» **Task prompt**:
Copy out exactly the lines spanning the line with "BLDR Ryomen Sukuna" to the line with "molecular formula C10H15N", inclusive, from the data underneath, with no pictures.

(Data records)

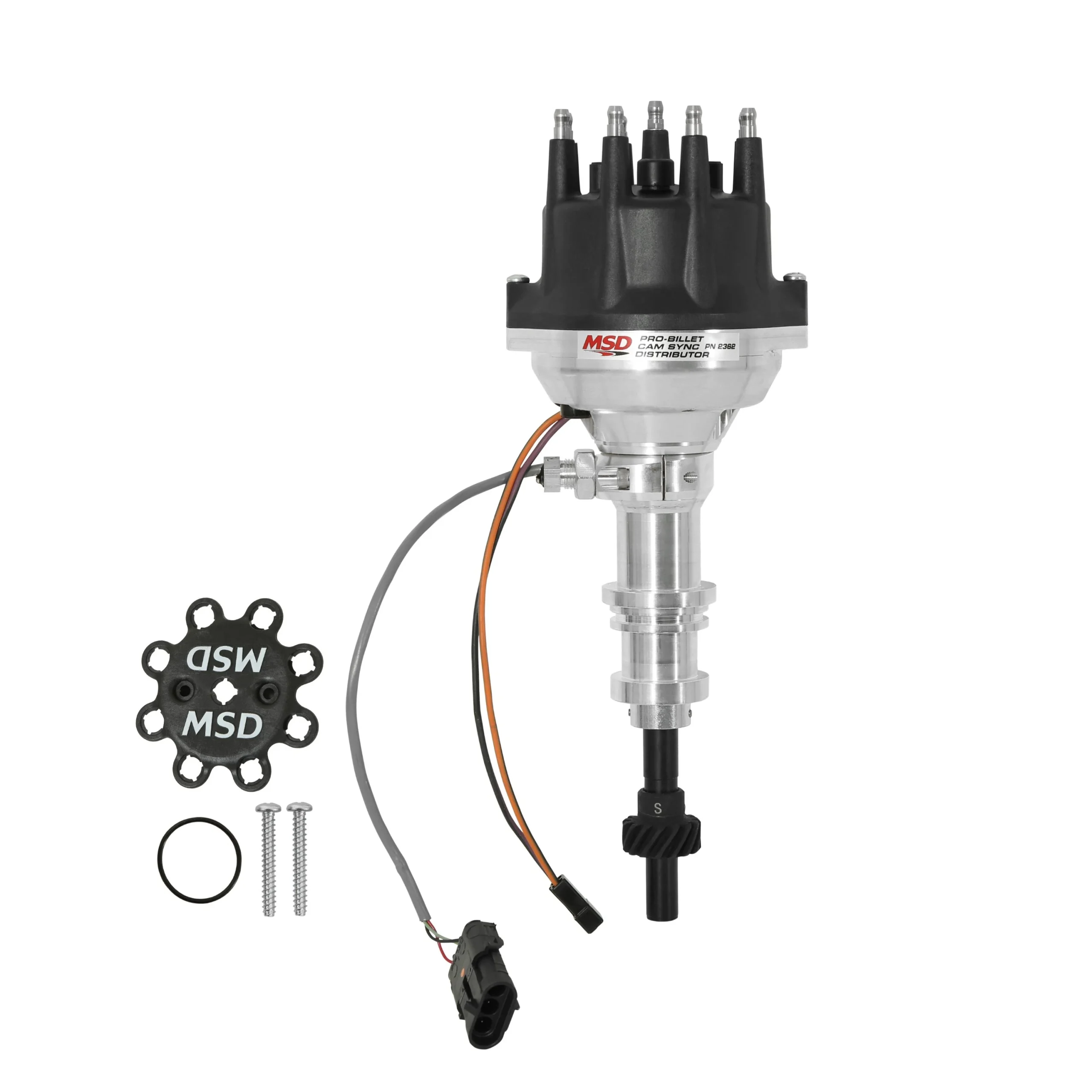 Pro-Billet Cam Sync Distributor, Ford 351W, Steel gear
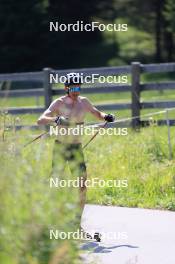 18.07.2024, Lenzerheide, Switzerland (SUI): Candide Pralong (SUI) - Cross-Country summer training, Lenzerheide (SUI). www.nordicfocus.com. © Manzoni/NordicFocus. Every downloaded picture is fee-liable.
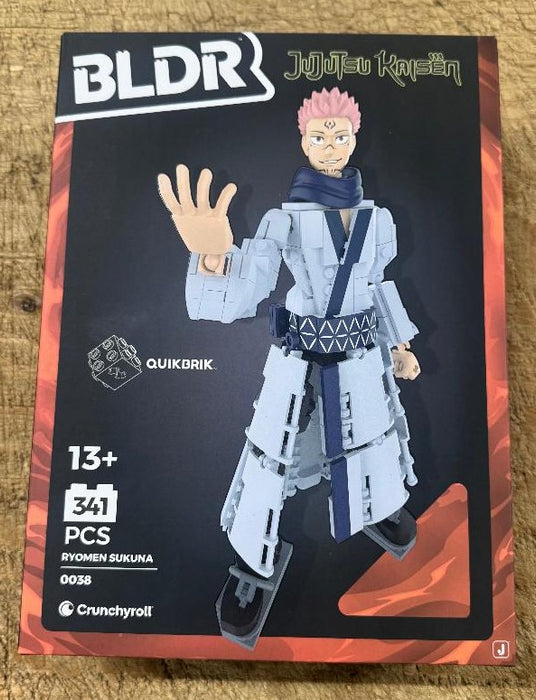 BLDR Ryomen Sukuna Crunchyroll Medium Building Set: 341 Pieces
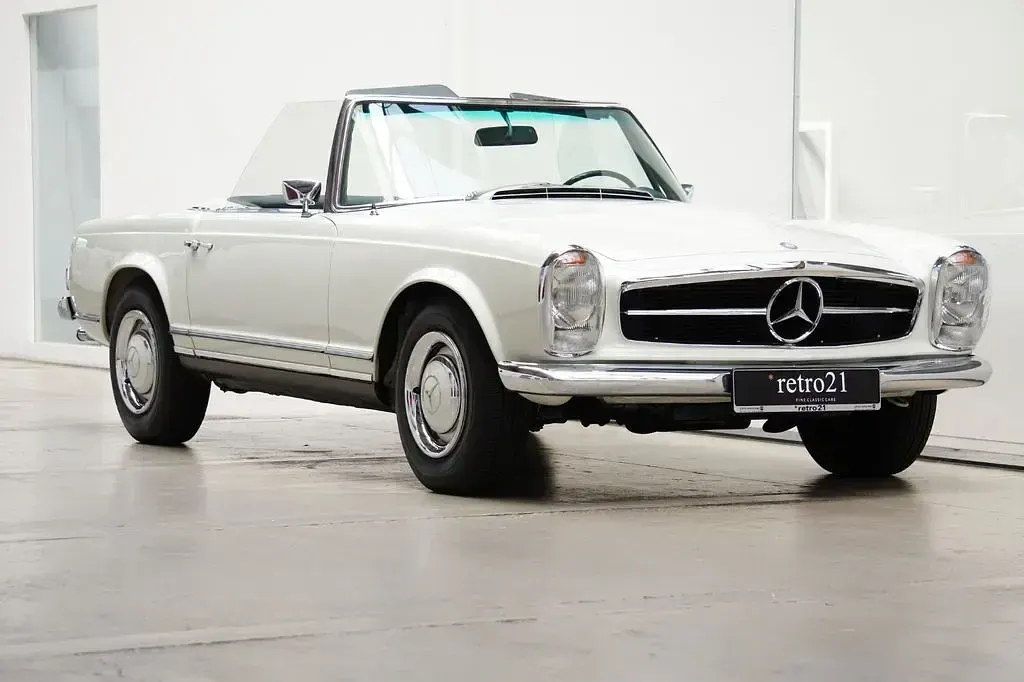 Gebraucht Mercedes W113 150 PS (110 kW) 1968 Weiß Cabrio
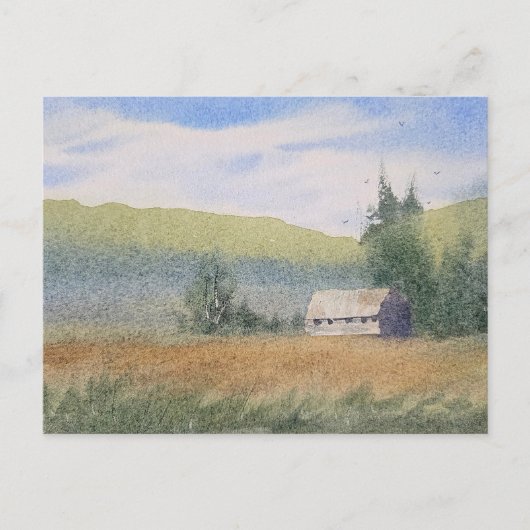 Watercolor Landscape Painting ポストカード (正面)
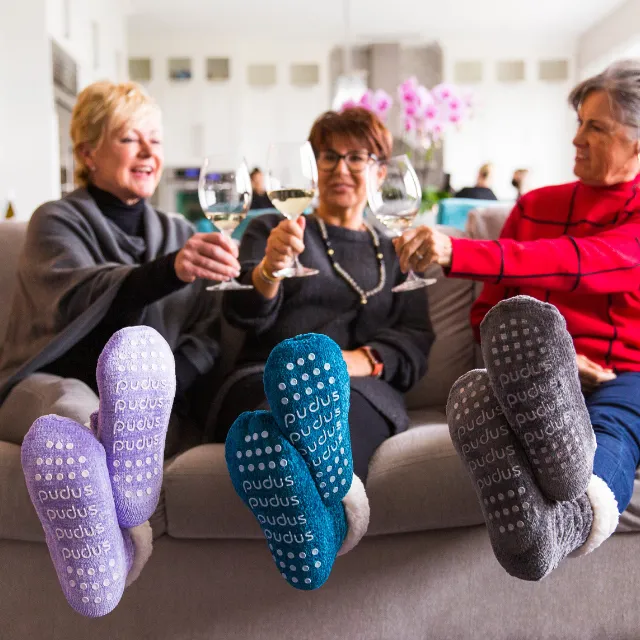 Chenille Cable Knit Classic Slipper Socks | Lavender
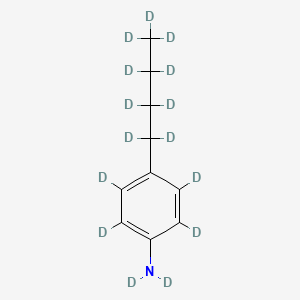 molecular formula C10H15N B12394459 4-N-Butylaniline-D15 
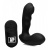 Черный стимулятор простаты Alpha-Pro 7X P-Milker Silicone Prostate Stimulator with Milking Bead - XR Brands - в Ногинске купить с доставкой
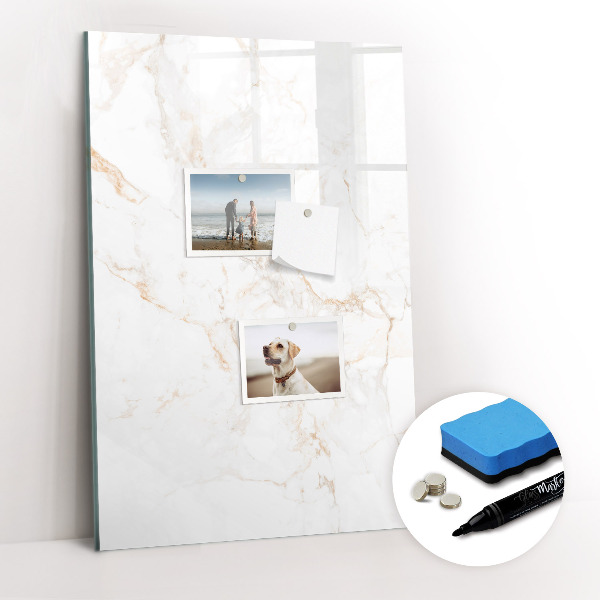 Glass dry erase board magnetic Meal Planner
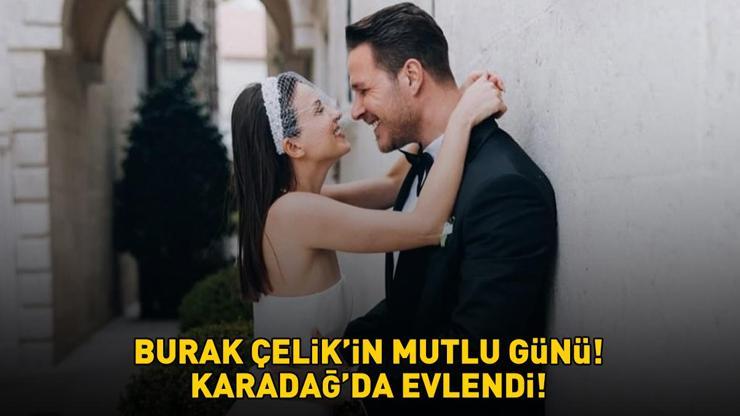 Hudutsuz Sevda’nın Kaan’ı Burak Çelik, menajer sevgilisi Ece Bayrak ile evlendi!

(End Data records)

» **Answer for this exercise**:
 BLDR Ryomen Sukuna Crunchyroll Medium Building Set: 341 Pieces
 Gebraucht Mercedes W113 150 PS (110 kW) 1968 Weiß Cabrio
 Watercolor Landscape Painting ポストカード (正面)
 Chenille Cable Knit Classic Slipper Socks | Lavender
 molecular formula C10H15N B12394459 4-N-Butylaniline-D15 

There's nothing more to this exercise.